Processes and Streams

Hydroflow+ involves two main concepts:

  • Processes, which represent where elements of a dataflow program are processed
  • Streams, which define what is being computed

By combining the two, Hydroflow+ makes it possible to implement both low-level distributed protocols and high-level dataflow programs using the same API, all while supporting compile-time checks to guard against unexpected sources of nondeterminism.

Processes

Unlike most streaming systems, Hydroflow+ requires that all streams be associated with a particular process. A process is a logical unit of computation that can be deployed to a single machine. Processes are most closely related to actors in actor-based systems, but use streaming operators rather than an imperative API.

To create a process, we must take a ProcessSpec as an argument to our function. This trait abstracts over what the dataflow graph is being built for: compilation to a Rust binary or deployment.

pub fn my_flow<'a, D: Deploy<'a>>(
flow: &FlowBuilder<'a, D>,
process_spec: &impl ProcessSpec<'a, D>
) {
...
}

Process specs represent a template for a process, which can be instantiated multiple times to create multiple processes. Multiple process specs can be useful to specify deployment characteristics for different sets of processes, such as deploying them to different cloud providers or regions.

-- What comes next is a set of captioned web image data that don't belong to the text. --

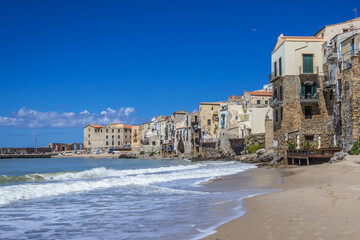 Fototapeta na wymiar Beach in historic part of Cefalu town on Sicily Island, Italy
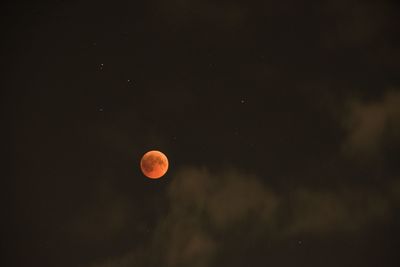 Low angle view of moon against sky at night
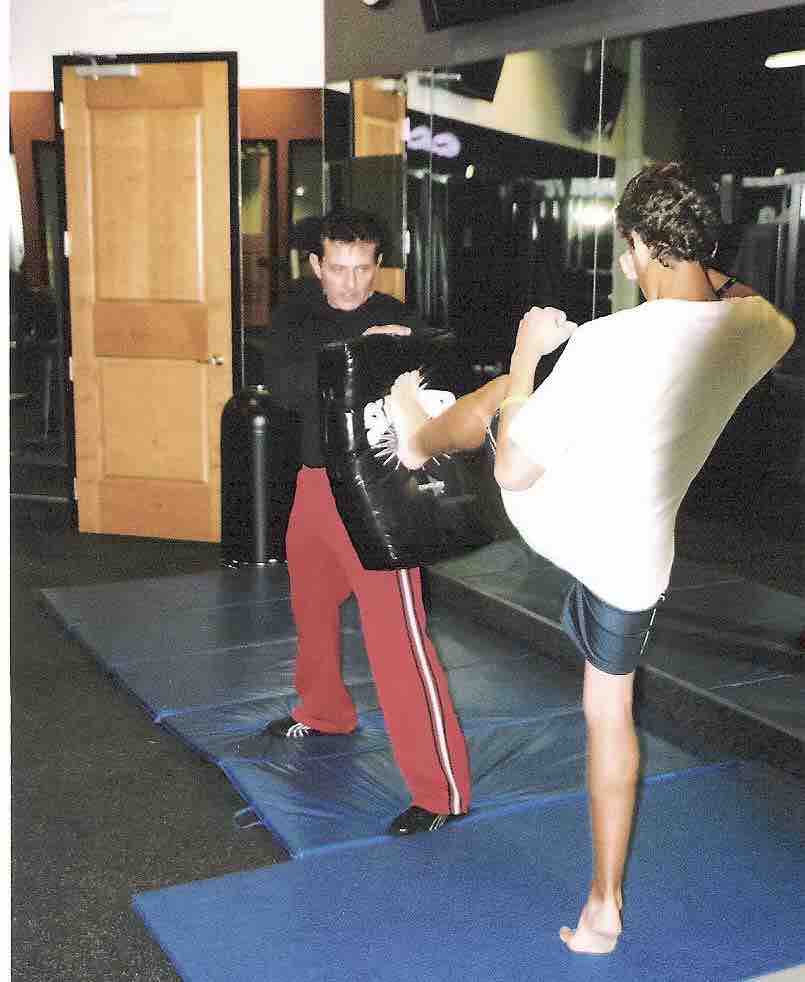 Image of a kickboxing trainer holding a kick sheild for a client performing a roundhouse kick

Instantiating a process from a process spec is done using the process method on FlowBuilder:

let process = flow.process(process_spec);

Streams

Streams are infinite ordered sequences of elements. They can be transformed using functional operators such as map and filter, relational operators such as join, and can be connected across processes using send_to.

Instantiating Streams

Root streams are created using methods available on an an instantiated process.

source_iter

To create a stream from a Rust iterator, use source_iter. This is useful for loading static data into the graph. Each element of the iterator will be emitted exactly once in the first tick of execution (see Aggregations and Ticks).

let stream = flow.source_iter(&process, q!(vec![1, 2, 3]));

source_stream

To create a stream from an asynchronous source, use source_stream. This takes any type that implements futures::Stream and emits each element as it is received. This is useful for loading data from external sources such as Kafka or a database. Typically, you will want to take the stream as a RuntimeData parameter to your function, and pass the stream in your runtime binary.

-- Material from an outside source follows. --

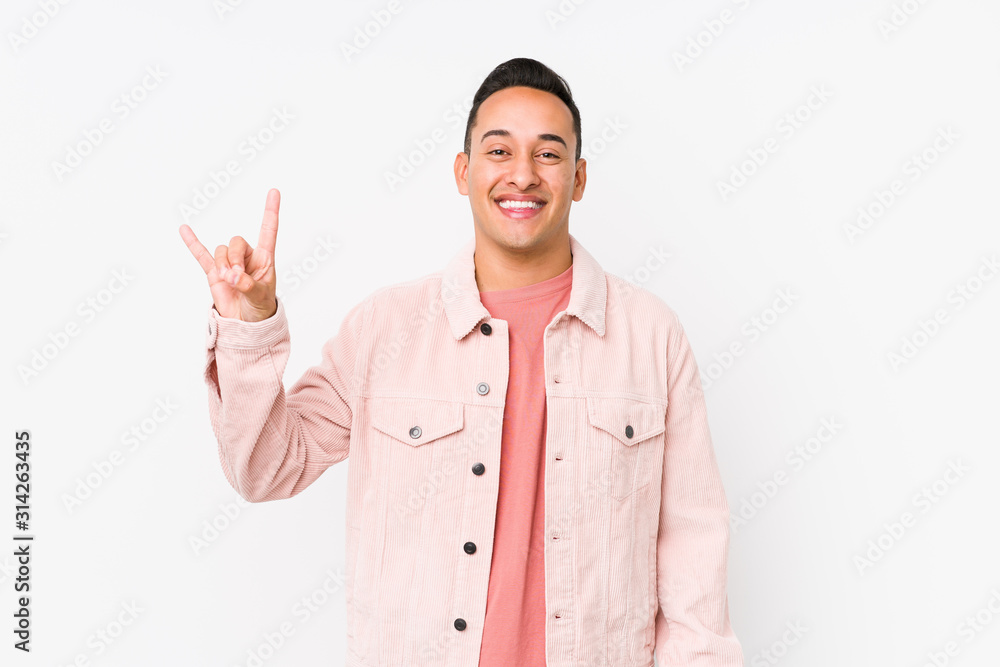 Young latin man posing isolated showing a horns gesture as a revolution concept. Young latin man posing isolated showing a horns gesture as a revolution concept.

pub fn my_flow<'a, D: Deploy<'a>>(
...,
my_stream: RuntimeData<impl Stream<Item = i32>>
) {
let stream = flow.source_stream(&process, my_stream);
...
}

Sending Streams between Processes

To send a stream from one process to another, use the send_* methods on the source stream. This takes a parameter of the process to send the data to.

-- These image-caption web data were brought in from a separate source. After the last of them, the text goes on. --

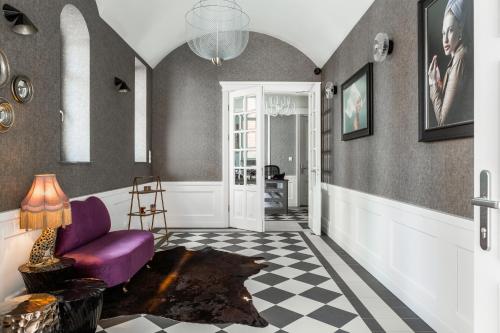 salon z fioletowym krzesłem i podłogą wyłożoną szachownicą w obiekcie Browar Hevelius Apartments w Gdańsku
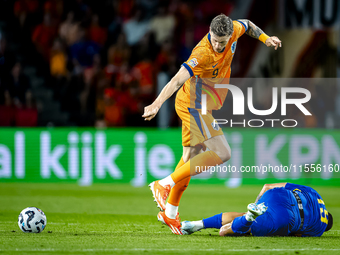 Bosnia and Herzegovina forward Ermedin Demirovic and Netherlands forward Wout Weghorst during the match between the Netherlands and Bosnia a...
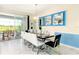Elegant dining room with large table, white chairs, and blue accent wall at 8843 Interlocking Ct, Davenport, FL 33896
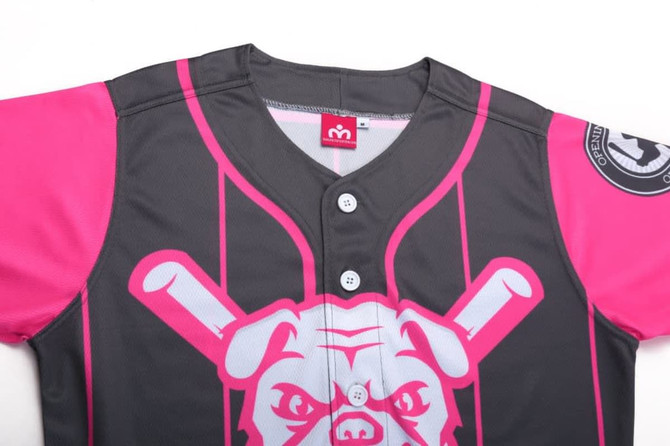 A full button baseball jersey featuring black fabric with bright pink sleeves and a graphic design, including a logo.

If sending a type that supports serialization using serde, use send_bincode, which uses the bincode crate to serialize the data.

let process0 = flow.process(process_spec);
let process1 = flow.process(process_spec);

let stream0 = flow.source_iter(&process0, ...);
let stream1 = stream0.send_bincode(process1);

To use custom serializers, you can use the send_bytes method to send a stream of Bytes values.

let stream0 = flow.source_iter(&process0, ...);
let stream1 = stream0.send_bytes(process1);